People seized on this blog post not because of its historical contributions, but because of its methodological contributions. It was like a magic trick, showing how topic modeling could ingest ten thousand diary entries and, in a matter of seconds, tell you what the major themes were in those entries and track them over time, all without knowing the meaning of a single word. The post made people excited for what topic modeling could do, not necessarily what it did do; the methodology’s potential, not its results.
 
About four years after I published my blog post on Martha Ballard, I published a very different piece of writing. This was an article that appeared in last June’s issue of the Journal of American History, the first digital history research article published by the journal. In many ways it was a traditional research article, one that followed the journal’s standard peer review process and advanced an original argument about American history. But the key distinction was that I made my argument using computational techniques. 
 
The starting premise for my argument was that the late nineteenth-century United States has typically been portrayed as a period of integration and incorporation. Think of the growth of railroad and telegraph networks, or the rise of massive corporations like Standard Oil. In nineteenth-century parlance: “the annihilation of time and space.” This existing interpretation of the period hinges on geography – the idea that the scale of locality and region were getting subsumed under the scale of nation and system. I was interested in how these integrative forces actually played out in the way people may have envisioned the geography of the nation. 
 
So I looked at a newspaper printed in Houston, Texas, during the 1890s and wrote a computer script that counted the number of times the paper mentioned different cities or states. In effect, how one newspaper crafted an imagined geography of the nation. What I found was that instead of creating a standardized, nationalized view of the world we might expect, the newspaper produced space in ways that centered on the scale of region far more than nation. It remained overwhelmingly focused on the immediate sphere of Texas, and even more surprisingly, on the American Midwest. Places like Kansas City, Chicago, and St. Louis were far more prevalent than I was expecting, and from this newspaper’s perspective Houston was more of a midwestern city than a southern one. 
 
Cameron Blevins, “Space, Nation, and the Triumph of Region: A View of the World from Houston,” Journal of American History, 101, no. 1 (June 2014), 127.
 
I would have never seen these patterns without a computer. And in trying to account for this pattern I realized that, while historians might enjoy reading stuff like this…
 
maine_zoom
 
…newspapers often look a lot more like this:
 
rr_timetable_crop
 
All of this really boring stuff – commodity prices, freight rates, railroad timetables, classified ads – made up a shockingly large percentage of content. Once you include the boring stuff, you get a much different view of the world from Houston in the 1890s. I ended up arguing that it was precisely this fragmentary, mundane, and overlooked content that explained the dominance of regional geography over national geography. I never would have been able to make this argument without a computer.
 
The article offers a new interpretation about the production of space and the relationship between region and nation.
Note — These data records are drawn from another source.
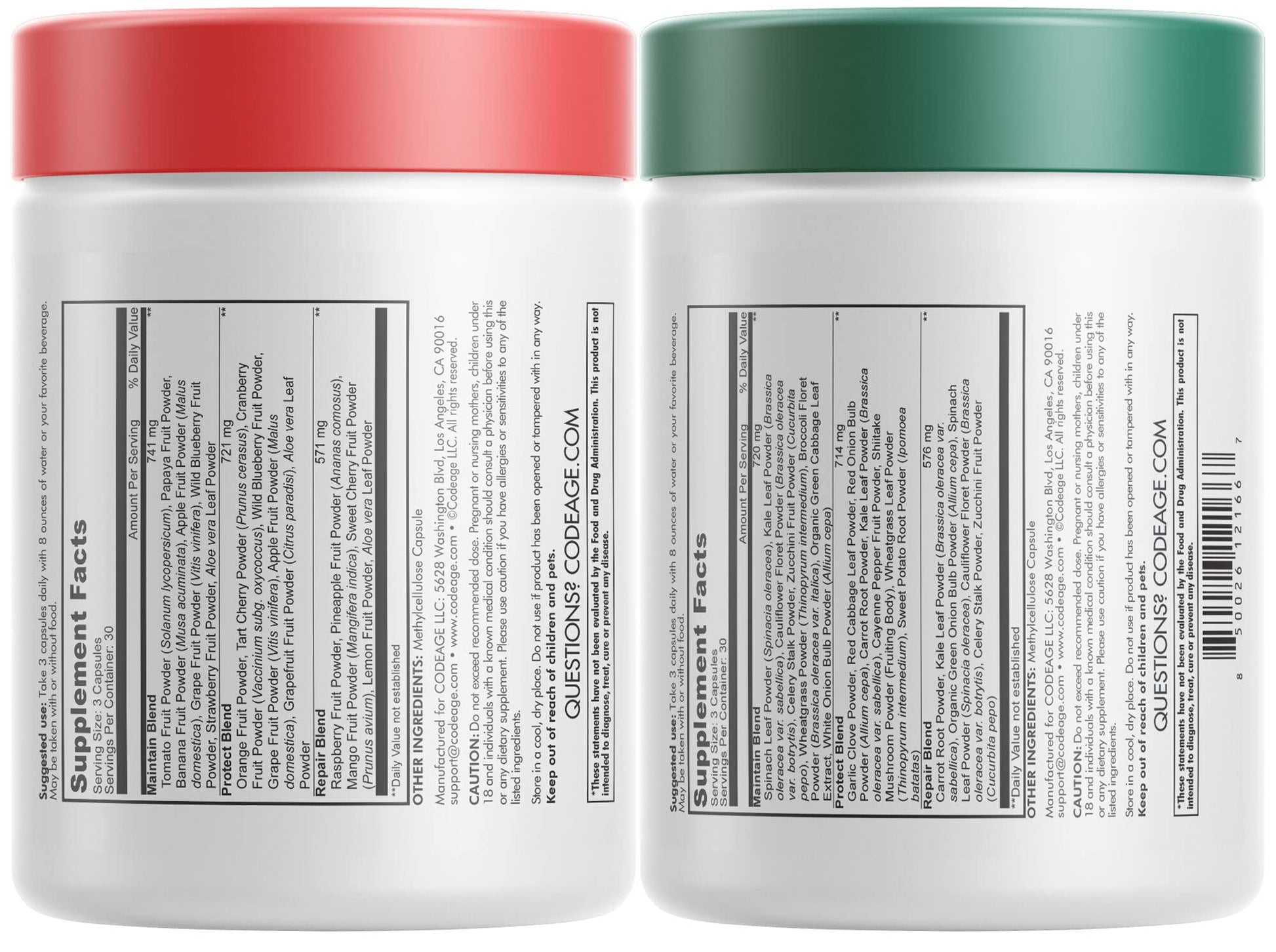 Codeage InstantFood Easy Veggies + Fast Fruits Bundle – Vegetable & Fruit Blend Capsule Supplement – Plant-Based Phytonutrient Formula – Vegan, Non-GMO – 180 Capsules - dailyvitalstore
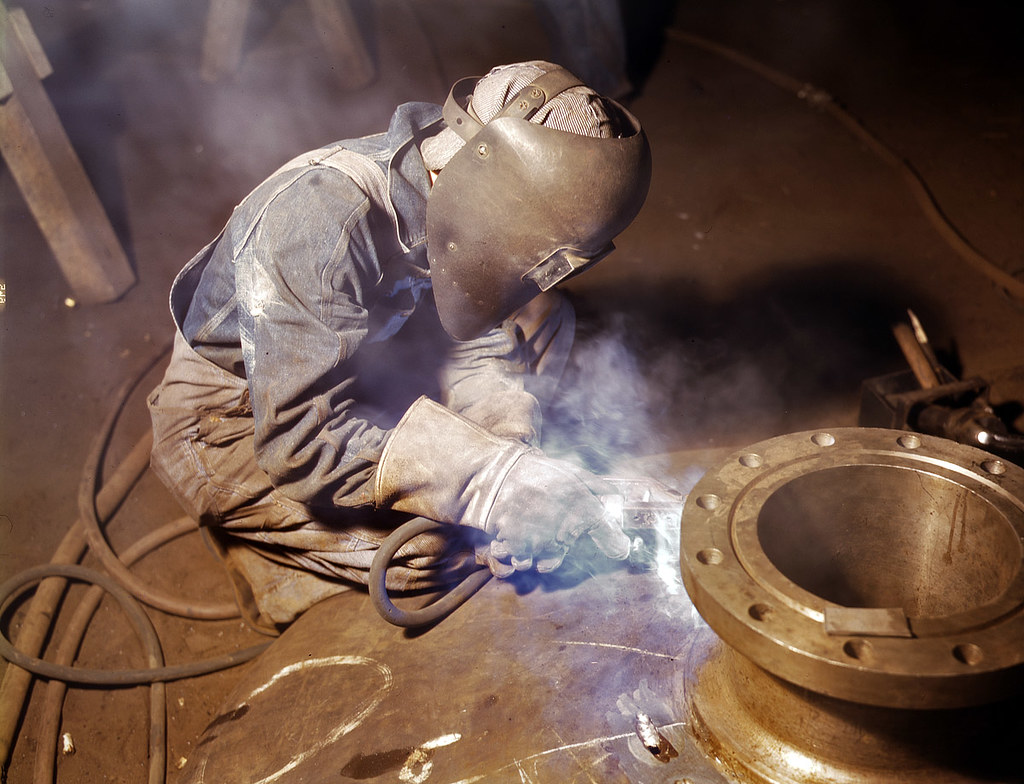 Combustion Engineering Co., Chattanooga. Welder making boilers for a ship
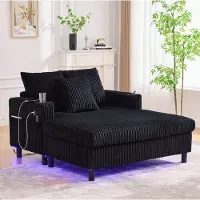 HAUSS SPOLE Fauteuil - Chaise Longue Relaxfauteuil - Met Ledverlichting, Usb Aansluiting En Bekerhouder - Voor Woonkamer En Slaapkamer - Zwarte Stof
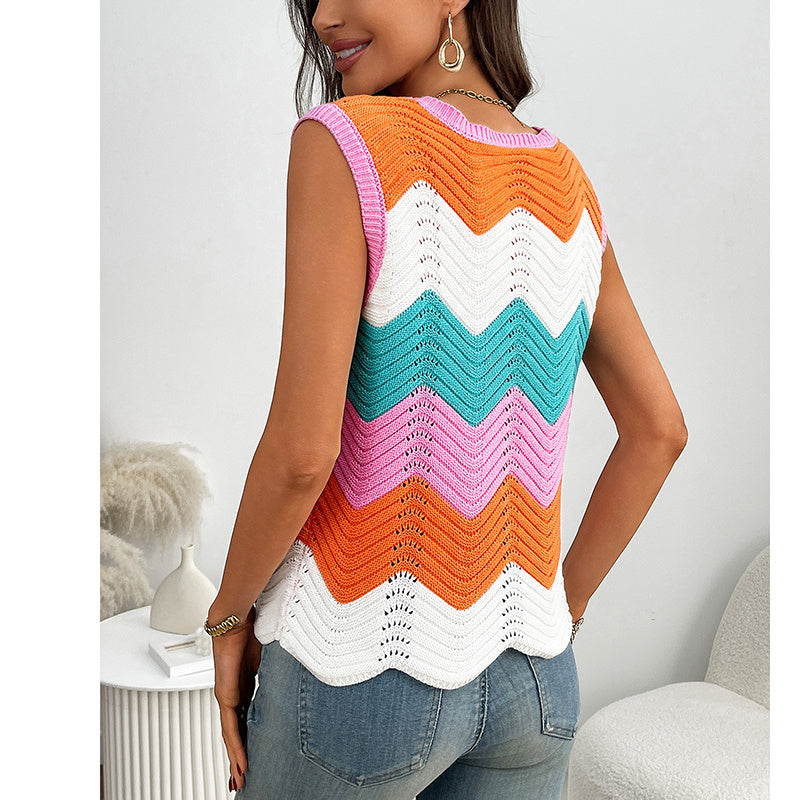 Womens Summer Rainbow Striped Sweater Vest Sleeveless Knit Crew Neck Color Block Going Out Cropped Tank Top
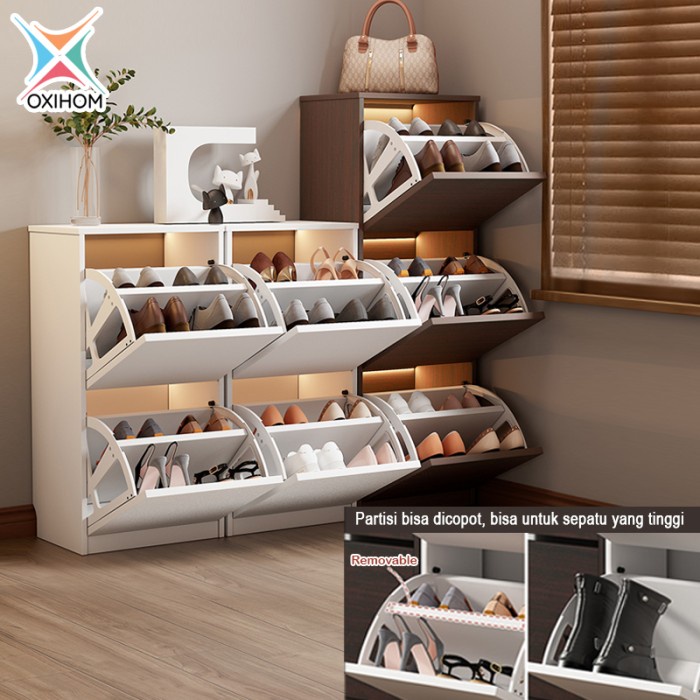 Oxihom Rak Sepatu Susun Tertutup Lemari Sepatu Kayu Minimalis Laci -Sherlyashope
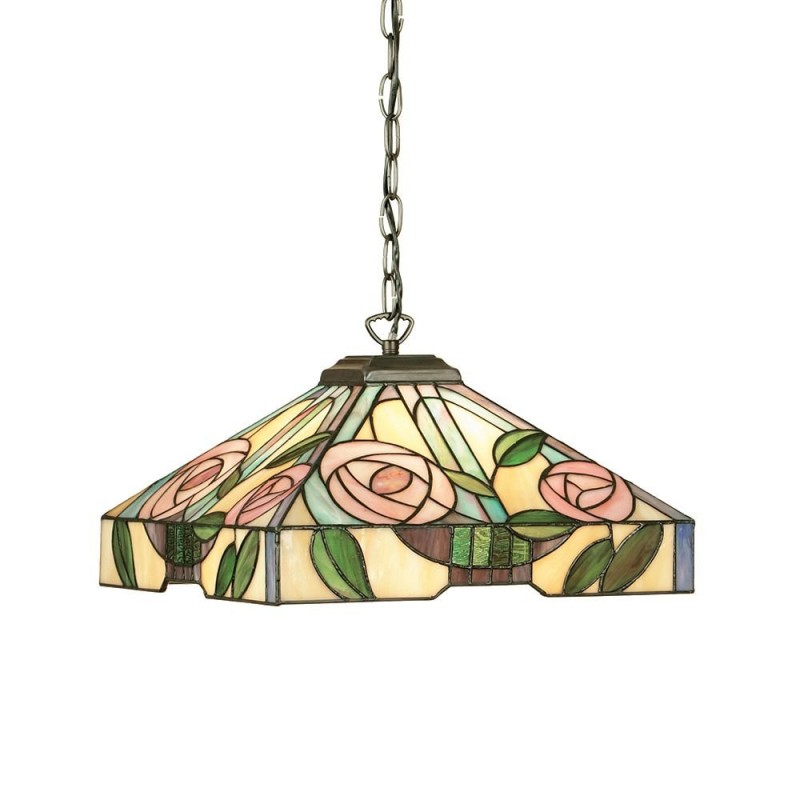Ceiling Lights - Willow - Tiffany Glass & Dark Bronze Medium Pendant Interiors1900-64385 - Willow - Tiffany Glass & Dark Bronze Medium Pendant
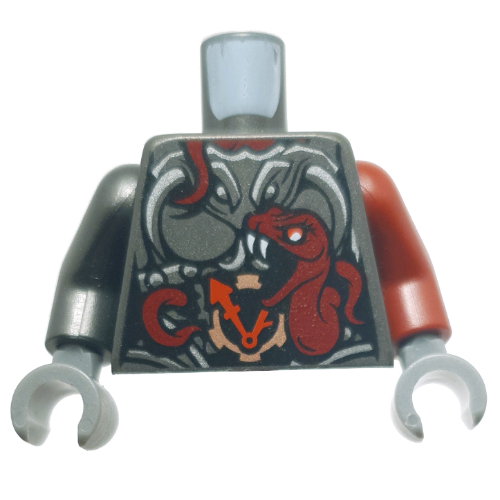 Visuel indicatif Rebrickable de Torse, bras impairs, armure, serpent rouge et motif imprimé horloge, bras gauche rouge foncé, bras droit en titane perle, mains gris bleuâtre foncé (Torso, Odd Arms, Armor, Red Snake and Clock Print, Left Dark Red Arm, Right Pearl Titanium Arm, Dark Bluish Grey Hands)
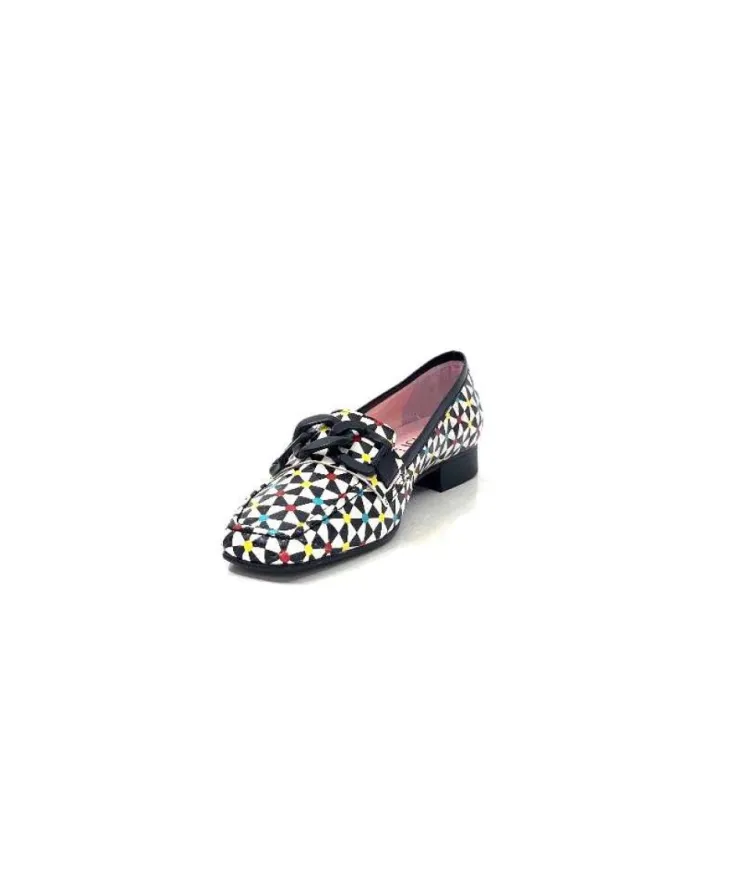 Dansi 5344 Cuir Imprime Blanc Noir Multi*Femme Mocassins
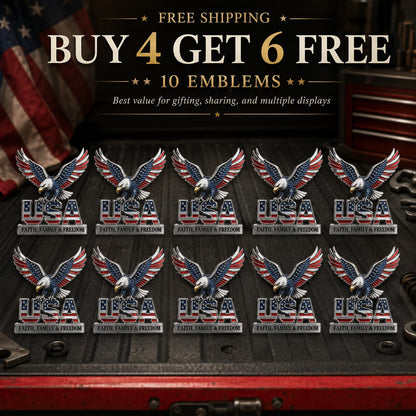 ★USA Faith, Family &amp; Freedom★ Metal Car Emblem
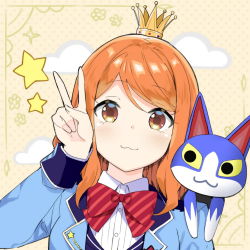Rule 34 | 1girl, :3, animal crossing, bow, bowtie, brown eyes, character request, commentary request, diagonal-striped bow, diagonal-striped bowtie, diagonal-striped clothes, diagonal-striped neckwear, hand up, long hair, long sleeves, looking at viewer, nintendo, orange hair, portrait, sky-freedom, smile, star (symbol), striped bow, striped bowtie, striped clothes, striped neckwear, tom (animal crossing), v
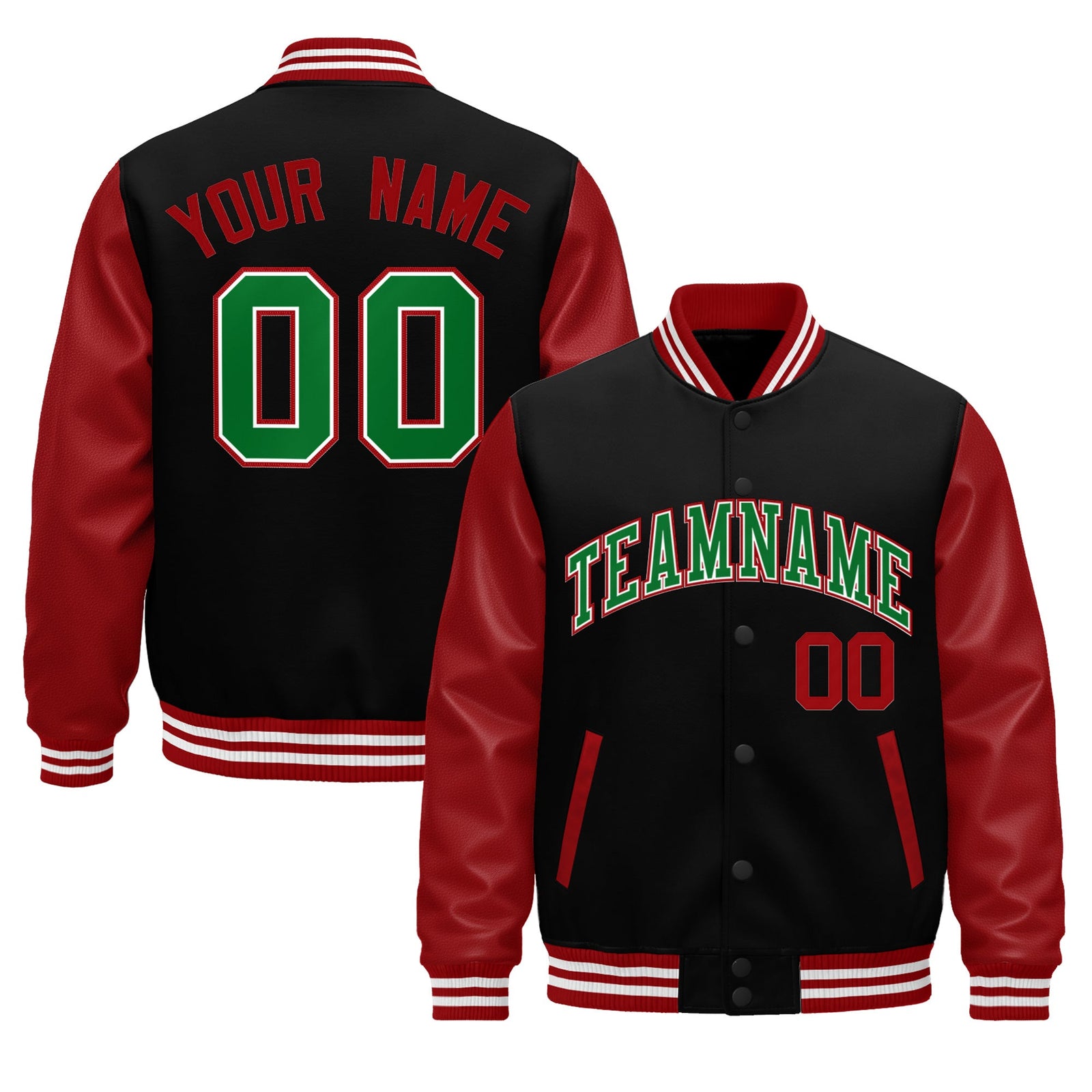 Custom Black Red Kelly Green Raglan Sleeves Varsity Full-Snap Leather Sleeves Letterman Jacket| KXKSHOP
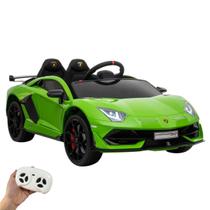 Mini Carro Elétrico Infantil Lamborghini Aventador Svj 12V Controle Verde Importway Bw303vd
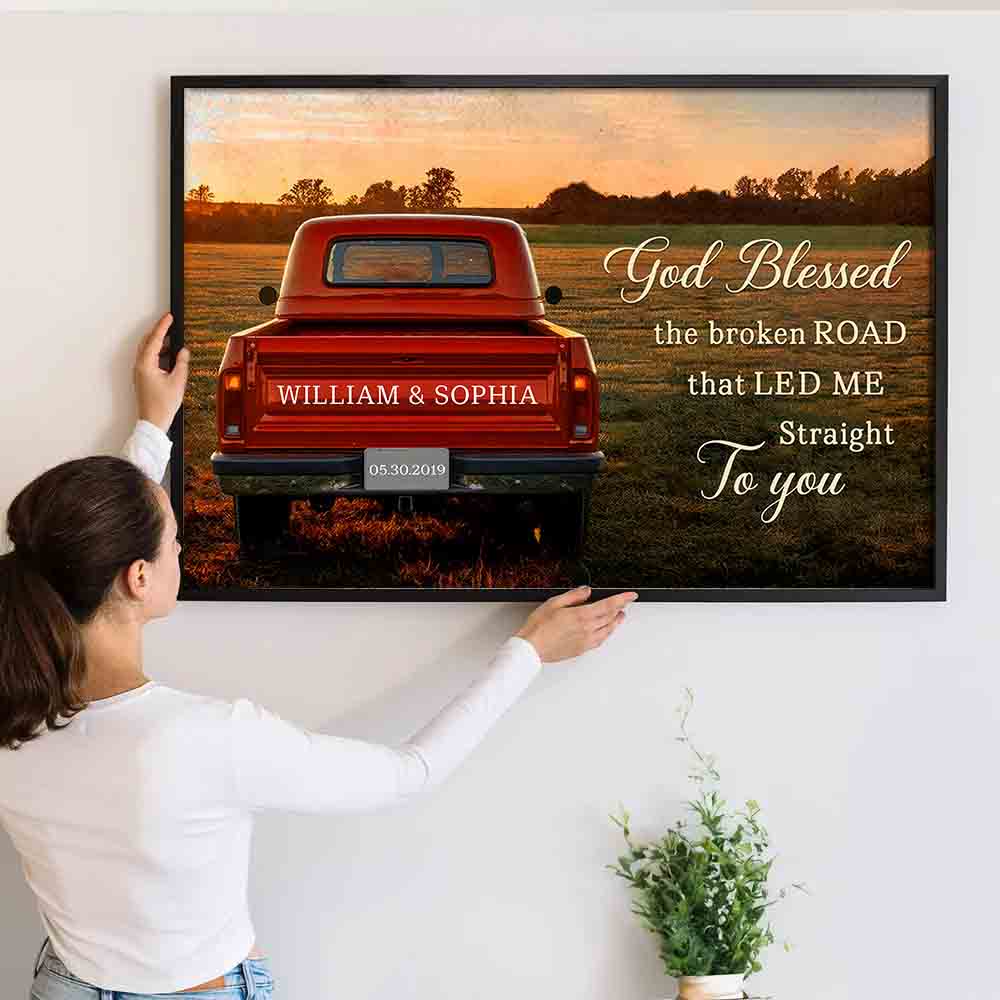 God Blessed The Broken Road Couple - Personalized Canvas Print - Gift For Her/Him, Husband/Wife, Couples on Anniversary, Valentine's Day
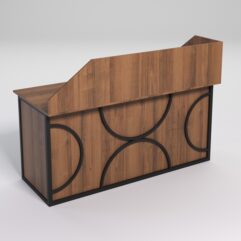 Стол рабочий офисный С-05А с экраном СТРОНГ в стиле ЛОФТ декор №1, Орех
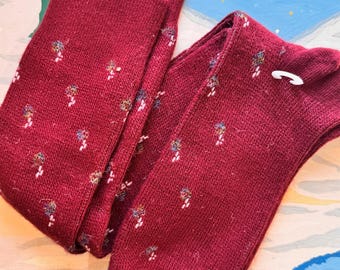 Vintage 1980s Calico Floral Knee High Socks made in USA | maroon
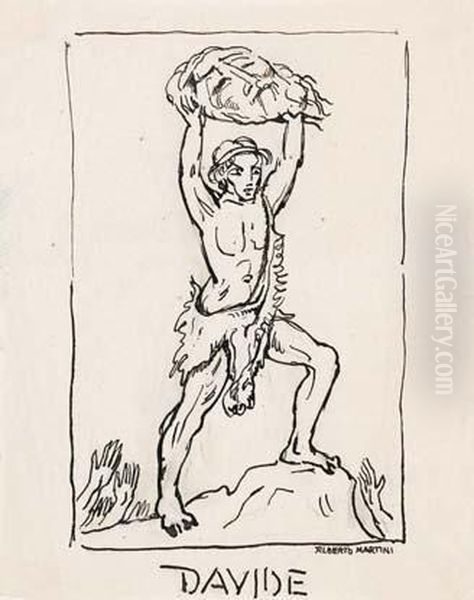 Davide Oil Painting by Alberto Martini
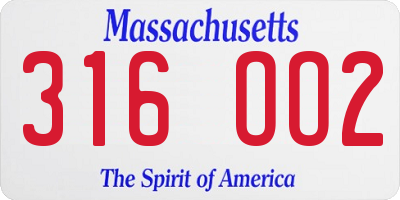 MA license plate 316OO2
It issues a challenge to a long-standing historical narrative about integration and incorporation in the nineteenth-century United States. By publishing it in the Journal of American History, with all of the limitations of a traditional print journal, I was trying to reach a different audience from the one who read my blog post on topic modeling and Martha Ballard. I wanted to show a broader swath of historians that digital history was more than simply using technology for the sake of technology. Digital tools didn’t just have the potential to advance our understanding of American history – they actually did advance our understanding of American history.
 
To that end, I published an online component that charted the article’s digital approach and presented a series of interactive maps. But in emphasizing the methodology of my project I ended up shifting the focus away from its historical contributions. In the feedback and conversations I’ve had about the article since its publication, the vast majority of attention has focused on the method rather than the result: How did you select place-names? Why didn’t you differentiate between articles and advertisements? Can it be replicated for other sources? These are all important questions, but they skip right past the arguments that I’m making about the production of space in the late nineteenth century. In short: the method, not the result. 
 
I ended my article with a familiar clarion call:
Technology opens potentially transformative avenues for historical discovery, but without a stronger appetite for experimentation those opportunities will go unrealized. The future of the discipline rests in large part on integrating new methods with conventional ones to redefine the limits and possibilities of how we understand the past.
This is the rhetorical style of digital history. While reading through conference program I was struck by just how many abstracts about digital history used the words “potential,” “promise,” “possibilities,” or in the case of our own panel, “opportunities.” In some ways 2015 doesn’t feel that different from 2008, when Tom Scheinfeldt wrote about the sunrise of methodology and the Journal of American History published a roundtable titled “The Promise of Digital History.” I think this is telling. Academic scholarship’s engagement with digital history seems to operate in a perpetual future tense. I’ve spent a lot of my career talking about what digital methodology can do to advance scholarly arguments. It’s time to start talking in the present tense.

Still Playing Catch-Up

As I was flipping through the February 2014 issue of the American Historical Review I was encouraged to see that American historical profession’s flagship journal seems to be doing a pretty decent job of publishing the impressive work of female historians. Three out of its four main articles were written by women and four out of the five books in its “Featured Reviews” section were also by women. That’s encouraging. But what about the rest of the February issue? Figuring out how many women are in the 176 contributors for this single issue is a lot harder. And what about not just this issue, but all five issues it publishes annually? And what about not just this year, but every year since its inception in 1895?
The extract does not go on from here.